Customizing Log Format#
The default log format is JSON, which includes the timestamp, log level, logger name, and the log message along with any additional context provided.
Example log entry:
{
"ts": "2024-06-28 19:53:48,563",
"level": "ERROR",
"logger": "DataFrameQueryContextLogger",
"msg": "[DIVIDE_BY_ZERO] Division by zero. Use `try_divide` to tolerate divisor being 0 and return NULL instead. If necessary set \"spark.sql.ansi.enabled\" to \"false\" to bypass this error. SQLSTATE: 22012\n== DataFrame ==\n\"divide\" was called from\n/.../spark/python/test_error_context.py:17\n",
"context": {
"file": "/path/to/file.py",
"line": "17",
"fragment": "divide"
"errorClass": "DIVIDE_BY_ZERO"
},
"exception": {
"class": "Py4JJavaError",
"msg": "An error occurred while calling o52.showString.\n: org.apache.spark.SparkArithmeticException: [DIVIDE_BY_ZERO] Division by zero. Use `try_divide` to tolerate divisor being 0 and return NULL instead. If necessary set \"spark.sql.ansi.enabled\" to \"false\" to bypass this error. SQLSTATE: 22012\n== DataFrame ==\n\"divide\" was called from\n/path/to/file.py:17 ...",
"stacktrace": ["Traceback (most recent call last):", " File \".../spark/python/pyspark/errors/exceptions/captured.py\", line 247, in deco", " return f(*a, **kw)", " File \".../lib/python3.9/site-packages/py4j/protocol.py\", line 326, in get_return_value" ...]
},
}
Setting Up#
To start using the PySpark logging module, you need to import the PySparkLogger
from the pyspark.logger.
from pyspark.logger import PySparkLogger
Usage#
Creating a Logger#
You can create a logger instance by calling the PySparkLogger.getLogger()

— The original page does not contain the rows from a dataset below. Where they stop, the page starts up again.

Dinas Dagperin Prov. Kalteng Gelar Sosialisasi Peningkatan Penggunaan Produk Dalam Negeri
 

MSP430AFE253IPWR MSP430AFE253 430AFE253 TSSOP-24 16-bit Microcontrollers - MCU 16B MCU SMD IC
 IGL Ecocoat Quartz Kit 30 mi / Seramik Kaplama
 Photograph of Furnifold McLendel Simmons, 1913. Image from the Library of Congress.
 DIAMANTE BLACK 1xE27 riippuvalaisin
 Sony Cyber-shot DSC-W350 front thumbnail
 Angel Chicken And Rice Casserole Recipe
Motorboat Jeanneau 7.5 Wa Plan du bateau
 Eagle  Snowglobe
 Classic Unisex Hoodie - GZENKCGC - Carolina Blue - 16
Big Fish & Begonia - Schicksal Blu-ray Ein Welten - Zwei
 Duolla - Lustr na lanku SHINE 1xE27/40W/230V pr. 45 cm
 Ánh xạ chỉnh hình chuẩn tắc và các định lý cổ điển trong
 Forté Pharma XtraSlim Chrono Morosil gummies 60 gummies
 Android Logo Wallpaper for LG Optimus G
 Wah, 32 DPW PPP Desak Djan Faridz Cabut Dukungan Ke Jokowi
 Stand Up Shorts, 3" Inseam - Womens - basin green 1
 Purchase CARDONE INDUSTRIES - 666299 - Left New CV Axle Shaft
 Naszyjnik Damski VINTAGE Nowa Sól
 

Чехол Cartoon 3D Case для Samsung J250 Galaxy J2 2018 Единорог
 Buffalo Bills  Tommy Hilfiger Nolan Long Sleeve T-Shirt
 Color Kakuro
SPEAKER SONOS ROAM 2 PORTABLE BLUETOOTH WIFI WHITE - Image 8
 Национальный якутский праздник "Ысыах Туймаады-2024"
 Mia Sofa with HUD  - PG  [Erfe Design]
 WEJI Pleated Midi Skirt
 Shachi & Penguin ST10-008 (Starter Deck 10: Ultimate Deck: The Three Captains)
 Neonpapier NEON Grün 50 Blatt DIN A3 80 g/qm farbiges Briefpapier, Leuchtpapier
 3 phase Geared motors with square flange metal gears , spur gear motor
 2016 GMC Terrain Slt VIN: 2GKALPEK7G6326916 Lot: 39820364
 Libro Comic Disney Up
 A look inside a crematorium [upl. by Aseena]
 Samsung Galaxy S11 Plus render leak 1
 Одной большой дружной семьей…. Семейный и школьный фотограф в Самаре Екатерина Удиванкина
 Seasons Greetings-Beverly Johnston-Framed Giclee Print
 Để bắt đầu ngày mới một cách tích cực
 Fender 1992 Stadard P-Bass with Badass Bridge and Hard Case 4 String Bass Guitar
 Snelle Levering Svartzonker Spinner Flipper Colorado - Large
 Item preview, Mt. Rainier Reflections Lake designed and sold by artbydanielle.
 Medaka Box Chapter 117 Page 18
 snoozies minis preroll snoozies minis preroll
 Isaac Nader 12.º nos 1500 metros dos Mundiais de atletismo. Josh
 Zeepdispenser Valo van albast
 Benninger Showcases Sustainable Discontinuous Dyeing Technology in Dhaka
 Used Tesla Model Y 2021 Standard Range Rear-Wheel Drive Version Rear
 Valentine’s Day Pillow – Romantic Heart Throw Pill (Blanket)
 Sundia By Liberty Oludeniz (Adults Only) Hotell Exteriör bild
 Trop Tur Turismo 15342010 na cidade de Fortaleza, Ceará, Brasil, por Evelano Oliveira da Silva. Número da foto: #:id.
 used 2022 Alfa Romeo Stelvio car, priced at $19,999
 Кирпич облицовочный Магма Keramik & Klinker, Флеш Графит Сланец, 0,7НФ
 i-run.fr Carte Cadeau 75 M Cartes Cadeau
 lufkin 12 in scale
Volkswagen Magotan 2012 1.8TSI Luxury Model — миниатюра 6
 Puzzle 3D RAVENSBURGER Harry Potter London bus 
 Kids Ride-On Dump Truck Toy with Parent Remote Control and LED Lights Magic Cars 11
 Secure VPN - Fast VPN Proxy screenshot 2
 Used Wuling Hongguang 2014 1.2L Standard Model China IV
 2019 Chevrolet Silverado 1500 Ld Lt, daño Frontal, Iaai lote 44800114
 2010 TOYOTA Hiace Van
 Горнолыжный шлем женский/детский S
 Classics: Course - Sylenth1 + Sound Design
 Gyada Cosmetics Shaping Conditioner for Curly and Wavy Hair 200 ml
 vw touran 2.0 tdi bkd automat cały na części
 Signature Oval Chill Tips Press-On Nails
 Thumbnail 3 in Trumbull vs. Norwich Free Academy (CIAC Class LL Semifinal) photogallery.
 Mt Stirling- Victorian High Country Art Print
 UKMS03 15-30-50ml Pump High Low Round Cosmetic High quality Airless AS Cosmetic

. By default, it creates a logger named “PySparkLogger” with an INFO log level.
logger = PySparkLogger.getLogger()
Logging Messages#
The logger provides three main methods for log messages: PySparkLogger.info()
, PySparkLogger.warning()
and PySparkLogger.error()
.
PySparkLogger.info: Use this method to log informational messages.
user = "test_user" action = "login" logger.info(f"User {user} performed {action}", user=user, action=action)
PySparkLogger.warning: Use this method to log warning messages.
user = "test_user" action = "access" logger.warning("User {user} attempted an unauthorized {action}", user=user, action=action)
PySparkLogger.error: Use this method to log error messages.
user = "test_user" action = "update_profile" logger.error("An error occurred for user {user} during {action}", user=user, action=action)
Logging to Console#
from pyspark.logger import PySparkLogger
# Create a logger that logs to console
logger = PySparkLogger.getLogger("ConsoleLogger")
user = "test_user"
action = "test_action"
logger.warning(f"User {user} takes an {action}", user=user, action=action)
This logs an information in the following JSON format:
{
"ts": "2024-06-28 19:44:19,030",
"level": "WARNING",
"logger": "ConsoleLogger",
"msg": "User test_user takes an test_action",
"context": {
"user": "test_user",
"action": "test_action"
},
}
Logging to a File#
To log messages to a file, use the PySparkLogger.addHandler()
for adding FileHandler from the standard Python logging module to your logger.
This approach aligns with the standard Python logging practices.
from pyspark.logger import PySparkLogger
import logging
# Create a logger that logs to a file
file_logger = PySparkLogger.getLogger("FileLogger")
handler = logging.FileHandler("application.log")
file_logger.addHandler(handler)
user = "test_user"
action = "test_action"
file_logger.warning(f"User {user} takes an {action}", user=user, action=action)
The log messages will be saved in application.log in the same JSON format.